■ **What needs to be done**: The pictures get dropped, while every remaining part of the listing is copied exactly.

■ **Supplied information**:
- - -
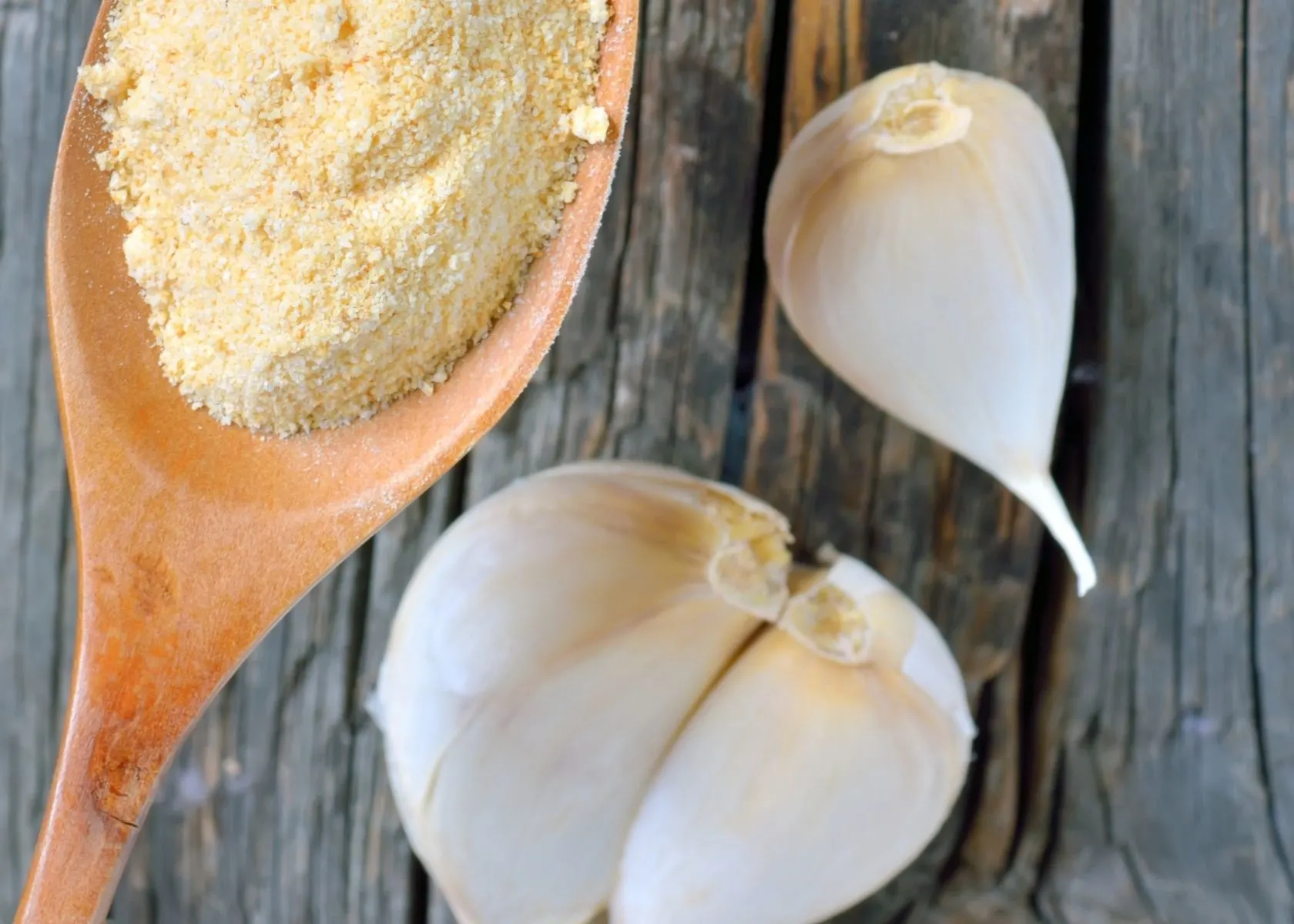 Garlic powder on large wooden spoon next to three fresh garlic cloves.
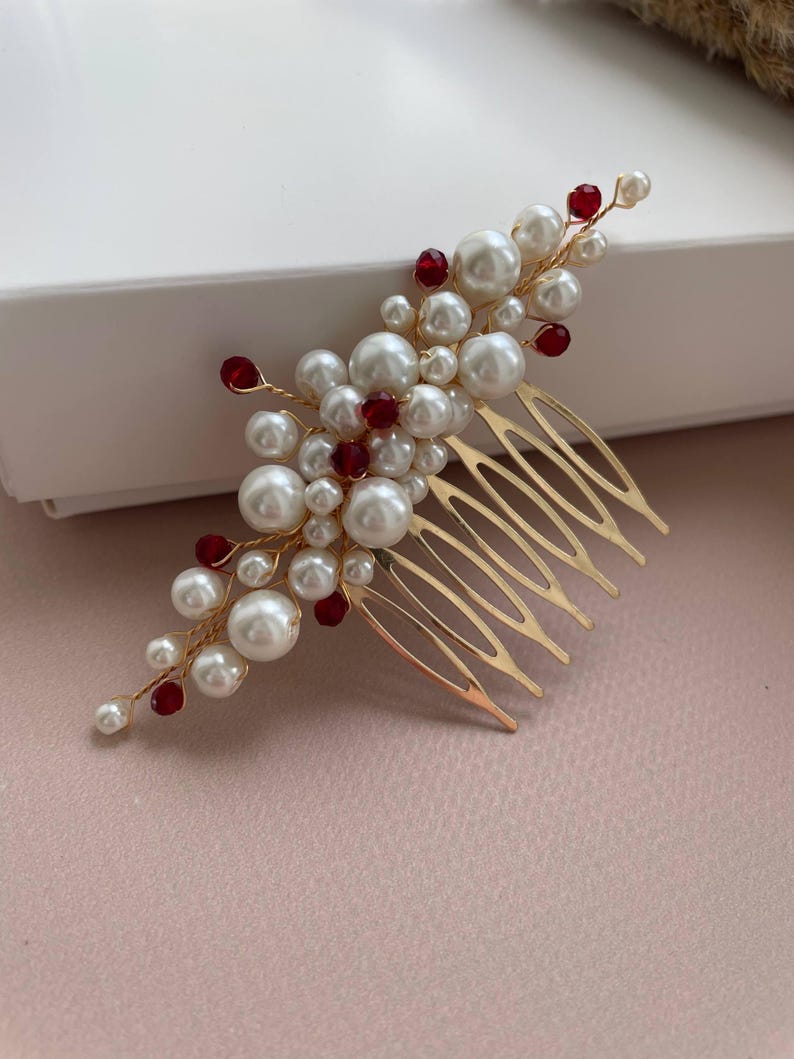 May include: A gold-toned hair comb adorned with clusters of faux pearls and red beads. The comb features a series of tines for securing in hair. The pearls vary in size, creating a textured, elegant look. The red beads add a pop of color.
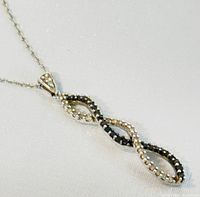 Close-up photo of the pendant showing the infinity twist design with alternating black and white diamonds set in 10K white gold.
- - -
■ **Task answer**:
 Garlic powder on large wooden spoon next to three fresh garlic cloves.
 May include: A gold-toned hair comb adorned with clusters of faux pearls and red beads. The comb features a series of tines for securing in hair. The pearls vary in size, creating a textured, elegant look. The red beads add a pop of color.
 Close-up photo of the pendant showing the infinity twist design with alternating black and white diamonds set in 10K white gold.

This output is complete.